A vida de Humberto Mauro através de seus filmes, vista através de entrevistas feitas com ele e realizadas nos anos 1960. Um amplo painel dinâmico e humano sobre a criatividade e o cinema do cineasta, expondo as soluções técnicas incomuns para fazer seus longas, diante das adversidades inerentes ao trabalho pioneiro no início do século XX em uma pequena cidade latino-americana.

Crítica

Uma voz frágil, levemente claudicante e distante ecoa sobre os primeiros planos do documentário Humberto Mauro, repetindo coordenadas através de um aparelho de radioamador.

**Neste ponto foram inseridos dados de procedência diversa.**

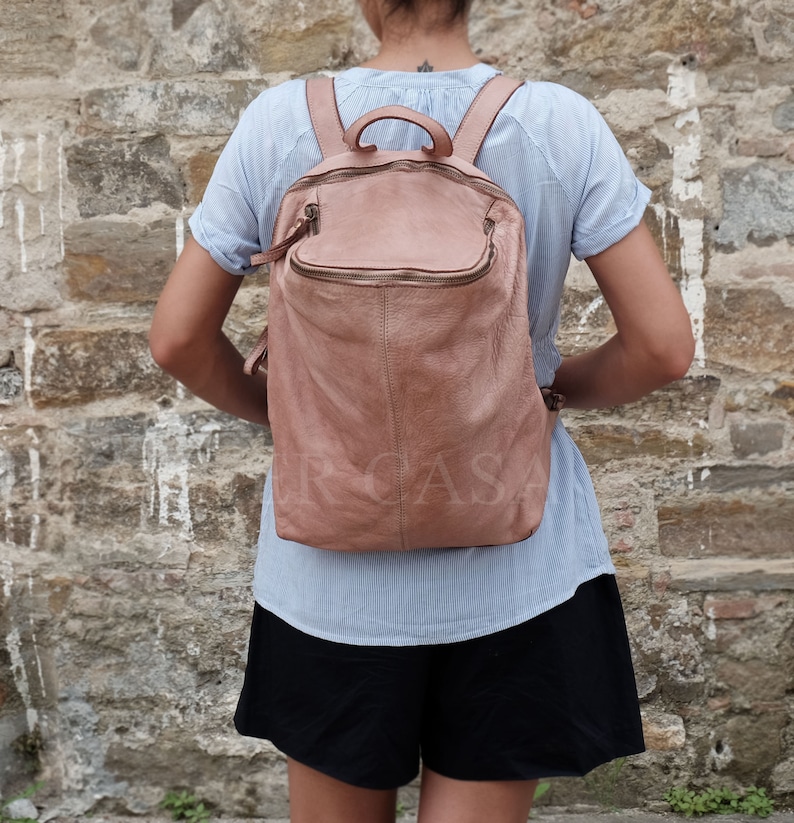 Beige Vintage Leather Backpack,Italian Leather Bag,Soft Leather Bag,Leather Bag Women,Leather Purse Backpack,Italian Leather Handbags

A voz em questão, que parece buscar contato já em outro plano, é a do próprio biografado, o cineasta Humberto Mauro (1897 – 1983), o mesmo que, em uma passagem posterior, revela o desejo de que seus netos e bisnetos possam “no ano de 2020, talvez” ouvir o registro da entrevista por ele concedida ainda nos anos de 1960. A escolha por expor tal fala não é ocasional, afinal, o diretor do longa, André Di Mauro, é sobrinho-neto de Humberto e, com seu trabalho, parece buscar atender ao chamado feito pelo pioneiro realizador do cinema nacional, com o intuito de promover a (re)descoberta de sua extensa e valorosa obra, construída entre as décadas de 1920 e 1970.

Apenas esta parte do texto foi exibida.